Enter the mad world of Massaccesi!

I received a package today from my American friend John Fanning, also known as Massaccesi, a musical and visual artist working mostly on the experimental field (his works has been released by such labels as Phthalo of USA). I wrote last year this text about the origins of pHinnWeb where John was very instrumental too. This package included some of his latest works, a Massaccesi CDR and two CDRs of unpublished material of his new project Massakiss (which John calls his own take on gay disco).

I had time to listen to the first Massakiss CDR and a bit of the second one before I left for Net café. I can't say much about the sound politics because I'm not an expert there like Kompleksi's own Mike Not (you can always do things with mastering), but for me the overall Massakiss sound is very energetic and relentless; maybe "testosterone-filled" would be the right expression here; even though as another boring breeder I can't really tell if this sound is especially "gay" or what. Maybe this would fitting material for such German labels as Bpitchcontrol, Lasergun Recordings or the innovatively-named Shitkatapult (also home for Tampere's own Sami Koivikko).

So I think this stuff would be best suited for a series of 12"s, since as home listening it's quite heavy, but I know this is made for dancefloor. My own favourite so far is the over seven minutes long 'Problèmes d'Amour'; I suppose this is a remix of the Alexander Robotnick track? [Addition: No, it isn't.] I'm always a sucker for this sort of minimal, monotonous, heavy and brutal stomp beat. OK, gotta give this more listenings before further comments.

I'll listen to the new Massaccesi record later. I noticed this cardboard tent project of John's but unfortunately I can't contribute now because I don't own a digital camera. (Perhaps if I did a contribution myself there would be a lot of dead Matchbox plastic toy soldiers lying there among the tents, with all that plastic burning and melting; maybe also a couple of Barbie dolls there doing the naughty! See: Toy Holocaust.)
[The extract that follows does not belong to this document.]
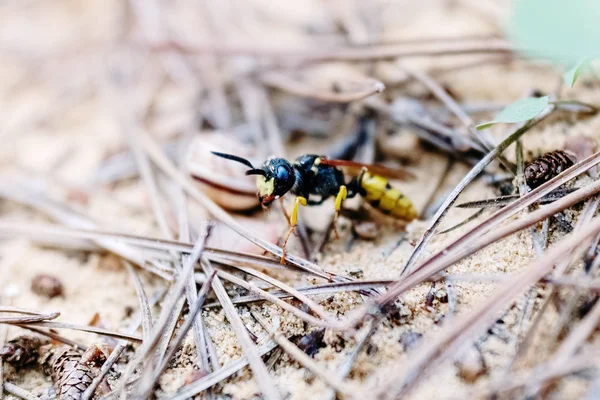 Makro seekor tawon berjalan di atas pasir . — Stok Foto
As a further idea I suggested to John combining the sounds of Massaccesi and Massakiss. All those cut-up & noise sounds to that testosterone disco beat: might be interesting? And how about adding also some vocal and speech samples of John and his own text snippets, perhaps in the "spoken word" style...? I'm interested in a collage of different sounds myself: dance beat will always be more interesting if there are some abstract and/or noise-y sounds there (I can't really concentrate on "pure noise" myself), and perhaps some snippets of vocals/texts to give it another dimension.

John also features on his site some new artworks of his which I also find quite nice. Somehow those make me think of Chicks on Speed's trash/recycling aesthetics but John works definitely have a specific style of their own, with comments on consumerism and politics. And this fascination with the imagery of childhood (according to kitchen sink psychology the era from which all our traumas, fears, fascinations and obsessions always derive from) is interesting: toy animals, bright colours, naivist styles, etc., but with a somehow dark, twisted edge. As John tells himself:

"Yeah, I love stuffed animals, I never stopped loving them from childhood. Actually, when I was young I had a ton of stuffed animals and I would use my parents bed and set up a little city full of them, and then have a big 'bomb' go off and throw the animals around and destroy the 'city', haha... I did a lot of crazy things with them, so I have been doing that for years."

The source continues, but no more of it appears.